**WHAT TO DO:**
The required output is the lines below from the line containing "with Rusted Edges" to the line containing "Black glossy mug", inclusive, retyped exactly. No other lines belong in it.

**SUPPLIED DATA:**
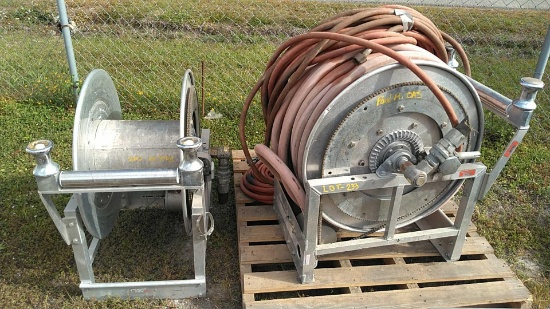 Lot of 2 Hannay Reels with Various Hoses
==
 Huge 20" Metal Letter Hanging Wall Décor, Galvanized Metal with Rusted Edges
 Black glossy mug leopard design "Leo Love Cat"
...
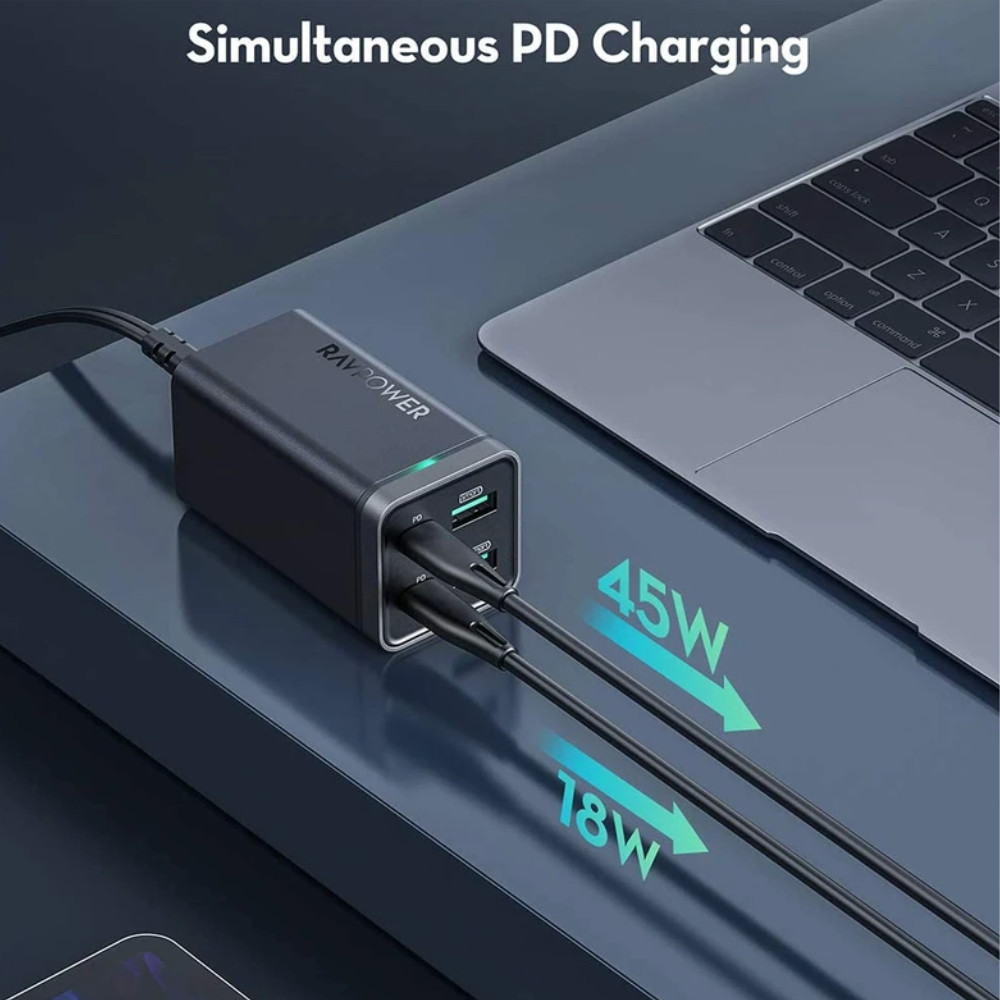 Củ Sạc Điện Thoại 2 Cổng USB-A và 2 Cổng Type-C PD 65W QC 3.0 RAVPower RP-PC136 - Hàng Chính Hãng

**WRITTEN ANSWER:**
 Huge 20" Metal Letter Hanging Wall Décor, Galvanized Metal with Rusted Edges
 Black glossy mug leopard design "Leo Love Cat"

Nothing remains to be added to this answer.